MOUNTAIN CITY — An investigation into the alleged theft of scrap metal at Johnson County’s solid waste transfer station led to a separate and unrelated misappropriation of transfer station funds discovered by the state comptroller’s office.
The findings of the state audit were announced in a news release on Monday. In the release, State Comptroller Justin Wilson said an employee in the mayor’s office misappropriated more than $40,000 worth of solid waste transfer station collection fees.
The audit report included a finding that said “as a result of allegations we received, our office performed an investigation concerning the removal of scrap metal from the solid waste transfer station by an employee of the Solid Waste Department. During this investigation, Solid Waste Director Tim Keene admitted to us that his son removed scrap metal from the transfer station and sold the metal for personal gain. Tim Keene’s employment with the Solid Waste Department was terminated on April 18, 2011. We could not determine the amount and value of the scrap metal sold.”
Mayor Larry Potter said no charges have yet been placed in the unrelated incidents, but he expected the incident involving the scrap metal to go before a grand jury soon. He said the investigation by the Tennessee Bureau of Investigation into the theft of funds in his office is “still going full blast.”
Potter said he became suspicious about the amount of scrap metal being taken in at the transfer station and got the TBI to investigate. He said the county’s audit was coming due at the time and he informed the auditor to take a close look at the transfer station funds.
“The auditors looked hard at the transfer station and the numbers there. That led them to look harder at the deposits,” Potter said.
Wilson said in the release that the investigators found “that between November 2010 and August 2011, the employee in the county mayor’s office failed to deposit several days’ worth of solid waste collection fees, totaling $21,958.15. The employee also deposited $18,737.40 worth of unreceipted checks for solid waste collections, but removed an equal amount of cash collections that had been receipted. Furthermore, the employee didn’t turn over $800 collected for sewer inspections to the Department of Environment and Conservation.”

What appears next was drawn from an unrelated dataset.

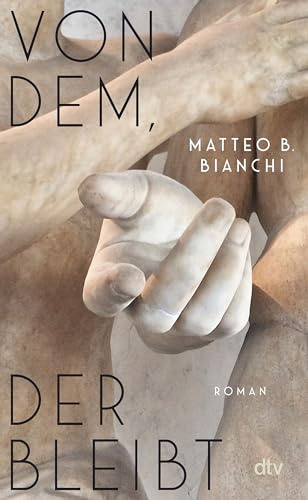 Von dem, der bleibt: Roman | »Ein intensives Buch über Überlebende, über die keiner spricht. Sie sind wie Schlafwandler, die hier erlöst werden.« La Repubblica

The news release reported that when Potter was notified of the cash shortage, he immediately suspended the employee. The cash shortage was reported to the district attorney general.
Potter said he was unaware of that misappropriation at the time. He was focusing on the theft of the scrap metal.
He said he became suspicious about the amount of scrap metal the transfer station was reporting. He said reports showed only $1,148 of metal was sold during the past two years.
“Something did not add up,” Potter said. He began his own surveillance and even took photos which he shared with the TBI when he alerted them.
“The agent thanked me for making his job easy,” Potter said.
With the state auditor coming for the routine annual audit, Potter also alerted him. He said the auditor asked if Potter had notified the state comptroller. The mayor said he had notified TBI and was now notifying him.
Potter said some indication of how much was lost can be seen in the figures of scrap metal sold by the transfer station since April. For the two years before, he said the transfer station sold only $1,148. From April until the middle of October, the transfer station has sold $5,070.
Potter said that discovery led the auditors to take an even closer look at the solid waste funds and led to the discovery of the misappropriation of $40,695 in solid waste funds during an audit conducted on Aug. 24. The audit report indicated the cash shortage was caused by an employee of the mayor’s office not remitting solid waste transfer collections to the county trustee.
The audit report said “we informed the county mayor of the cash shortage on Aug. 24 and he immediately suspended the suspected employee.”
Potter said state law required funds to be deposited within three days, but he said there were sometimes delays as long as 35 days from the time the funds were collected until they were deposited with the county trustee.
“It is always unfortunate when public dollars are misappropriated or public resources are used for personal gain,” Wilson said. “I would ask that anyone who suspects fraud, waste or abuse of taxpayer dollars in our local governments across Tennessee to contact our fraud hotline at 800-232-5454. I also want to commend Johnson County officials for promising to take corrective action promptly after learning of our auditor’s findings.”